While mammography screening every two years had the lowest overall expenditures, it only resulted in 47 quality-adjusted life years (QALY) gained. H. Amarens Geuzinge, MSc, of Erasmus University Medical Center in Rotterdam, The Netherlands, and colleagues found that screening with MRI alone every four years was cost-effective and doubled the amount of QALYs gained to 96.
MRI screening is beneficial for women with dense breasts
Quadrennial MRI had the highest acceptable incremental cost-effectiveness ratio (ICER), with €15,620 ($18,110) per QALY, when using the National Institute for Health and Care Excellence (NICE) threshold of €22,000 ($25,500), and thus should be recommended from a cost-effectiveness perspective, the authors suggested in the Journal of the National Cancer Institute. “MRI every 2 or 3 years can also become cost-effective if decision-makers are willing to pay more than €22,000 per QALY gained,” they noted.

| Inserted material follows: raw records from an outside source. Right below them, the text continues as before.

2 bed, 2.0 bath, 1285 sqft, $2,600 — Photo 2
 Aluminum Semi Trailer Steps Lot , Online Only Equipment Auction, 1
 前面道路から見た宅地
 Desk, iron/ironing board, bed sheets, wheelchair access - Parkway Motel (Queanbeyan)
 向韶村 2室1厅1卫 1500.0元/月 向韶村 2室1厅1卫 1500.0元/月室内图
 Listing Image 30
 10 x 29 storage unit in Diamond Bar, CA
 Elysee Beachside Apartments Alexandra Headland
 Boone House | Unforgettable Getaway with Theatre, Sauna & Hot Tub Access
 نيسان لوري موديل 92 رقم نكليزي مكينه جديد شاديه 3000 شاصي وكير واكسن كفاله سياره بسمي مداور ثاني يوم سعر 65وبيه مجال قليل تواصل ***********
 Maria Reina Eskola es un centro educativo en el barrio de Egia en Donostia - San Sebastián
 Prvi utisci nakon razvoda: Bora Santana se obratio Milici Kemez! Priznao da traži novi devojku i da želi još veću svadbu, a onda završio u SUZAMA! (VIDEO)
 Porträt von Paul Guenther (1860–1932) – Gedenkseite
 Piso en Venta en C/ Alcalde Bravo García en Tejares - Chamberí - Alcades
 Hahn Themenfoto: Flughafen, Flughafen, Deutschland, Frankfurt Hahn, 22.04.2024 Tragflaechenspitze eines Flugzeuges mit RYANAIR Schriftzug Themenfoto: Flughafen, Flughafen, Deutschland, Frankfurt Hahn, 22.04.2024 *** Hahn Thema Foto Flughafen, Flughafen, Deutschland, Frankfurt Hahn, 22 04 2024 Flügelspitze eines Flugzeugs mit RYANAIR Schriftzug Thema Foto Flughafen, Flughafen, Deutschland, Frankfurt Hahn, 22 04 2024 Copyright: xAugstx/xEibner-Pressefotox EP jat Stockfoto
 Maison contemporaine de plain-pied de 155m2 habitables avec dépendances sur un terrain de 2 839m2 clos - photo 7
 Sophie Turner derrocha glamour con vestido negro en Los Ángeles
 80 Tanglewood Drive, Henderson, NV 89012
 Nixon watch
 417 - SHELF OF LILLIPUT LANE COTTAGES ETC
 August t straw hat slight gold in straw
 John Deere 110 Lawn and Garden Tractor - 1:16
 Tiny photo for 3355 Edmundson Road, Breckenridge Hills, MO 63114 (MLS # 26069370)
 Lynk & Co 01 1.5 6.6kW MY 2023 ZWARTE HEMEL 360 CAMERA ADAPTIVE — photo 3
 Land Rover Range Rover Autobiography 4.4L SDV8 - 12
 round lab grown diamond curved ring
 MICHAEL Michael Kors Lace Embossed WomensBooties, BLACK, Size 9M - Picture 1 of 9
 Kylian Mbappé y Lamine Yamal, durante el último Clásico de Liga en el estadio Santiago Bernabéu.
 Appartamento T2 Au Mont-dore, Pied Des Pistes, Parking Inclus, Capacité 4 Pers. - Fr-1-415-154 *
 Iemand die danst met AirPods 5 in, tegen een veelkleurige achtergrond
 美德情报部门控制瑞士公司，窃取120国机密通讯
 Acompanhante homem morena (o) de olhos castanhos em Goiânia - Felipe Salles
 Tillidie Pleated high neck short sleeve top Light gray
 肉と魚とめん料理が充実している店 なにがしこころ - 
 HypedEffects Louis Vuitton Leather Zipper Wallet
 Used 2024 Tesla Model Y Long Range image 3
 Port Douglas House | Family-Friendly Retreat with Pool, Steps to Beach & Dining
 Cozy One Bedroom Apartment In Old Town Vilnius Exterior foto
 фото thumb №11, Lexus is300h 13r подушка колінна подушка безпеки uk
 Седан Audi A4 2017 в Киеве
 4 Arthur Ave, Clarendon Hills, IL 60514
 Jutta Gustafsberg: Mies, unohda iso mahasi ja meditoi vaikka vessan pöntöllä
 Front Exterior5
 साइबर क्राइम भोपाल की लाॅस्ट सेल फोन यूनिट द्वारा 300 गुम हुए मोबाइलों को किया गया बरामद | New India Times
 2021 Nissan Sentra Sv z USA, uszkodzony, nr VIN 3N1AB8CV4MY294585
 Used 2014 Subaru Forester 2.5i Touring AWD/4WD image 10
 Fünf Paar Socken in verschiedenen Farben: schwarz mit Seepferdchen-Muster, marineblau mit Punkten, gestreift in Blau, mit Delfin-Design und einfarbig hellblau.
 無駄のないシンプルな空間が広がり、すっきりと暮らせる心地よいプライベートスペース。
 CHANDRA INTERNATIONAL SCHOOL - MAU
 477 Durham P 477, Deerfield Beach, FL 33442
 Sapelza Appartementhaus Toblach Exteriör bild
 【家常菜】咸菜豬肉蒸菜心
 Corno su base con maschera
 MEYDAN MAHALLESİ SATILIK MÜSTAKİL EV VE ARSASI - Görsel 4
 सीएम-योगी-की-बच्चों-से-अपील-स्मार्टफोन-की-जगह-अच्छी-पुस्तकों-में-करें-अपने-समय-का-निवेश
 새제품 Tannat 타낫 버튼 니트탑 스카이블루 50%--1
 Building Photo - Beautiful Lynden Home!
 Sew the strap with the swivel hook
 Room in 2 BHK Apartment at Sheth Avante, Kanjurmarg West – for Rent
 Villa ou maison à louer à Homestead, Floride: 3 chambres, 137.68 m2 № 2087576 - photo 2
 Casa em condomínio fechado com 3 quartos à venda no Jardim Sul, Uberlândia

Christiane K. Kuhl, MD, PhD, of University Hospital Aachen in Germany, and Pascal Baltzer, MD, PhD, of Medical University of Vienna in Austria, wrote in an accompanying editorial that the study “provides critical evidence for a simple fact: A more sensitive and expensive diagnostic test is cost-effective, even if it is used for screening, when compared to a less sensitive and less expensive test.” “A bigger expenditure in breast cancer screening can be regarded a useful investment in one’s bodily health for women at risk of being underserved by mammographic screening,” they concluded.
The multinational DENSE trial from 2019 showed that extra MRI screening for women with exceptionally dense breast tissue resulted in fewer interval cancers and the detection of smaller tumours than mammography alone, according to Geuzinge and colleagues. MRI screening, on the other hand, resulted in a higher number of false-positive outcomes. “A cost-effectiveness study is needed to evaluate whether the additional effects are worth the money,” they concluded, because MRI screening is more expensive than mammography. The scientists used DENSE data to mimic ten different mammography and MRI screening procedures with variable intervals. 69 screen-detected breast cancers and 43 breast cancer deaths per 1,000 women were reported with biennial mammography alone. Adding MRI to every other round of screening resulted in 24 more tumours being discovered on the screen and seven fewer breast cancer deaths. Adding MRI to every screening cycle resulted in four more tumours being discovered on the screen and one less breast cancer mortality. MRI alone every 2 or 3 years, without mammography, resulted in 100 and 97 tumours found on the screen, respectively. Overdiagnosis occurred in a comparable number of cases across all techniques involving MRI (20-21 instances) compared to 17 cases with biennial mammography alone.
Changing from a 2-year period of alternating mammography and MRI to a more expensive technique did not prevent any additional breast cancer deaths. The authors found that mammography-based methods were inferior to others because they had more clinically detected malignancies, which resulted in more breast cancer deaths and less QALYs than MRI-based strategies. However, alternating mammography with MRI every two years proved effective, and increasing the time between MRI screenings resulted in lower total expenses and only a few malignancies not being spotted on the screen. While MRI screening is cost-effective for women with thick breasts, they only account for roughly 8% of women aged 50 to 75, according to Geuzinge and colleagues. As a result, MRI screening may put a strain on healthcare budgets. “In addition, screening these women in a hospital setting may result in capacity issues,” they noted. “Implementing MRI screening would necessitate the purchase of additional MRI machines as well as additional (trained) employees.” Kuhl and Baltzer noted in their editorial that a screening test that “predictably will not offer the desired diagnostic information” is “not only profoundly upsetting for individuals who participated and yet obtain a late cancer diagnosis, but it is also a waste of time.”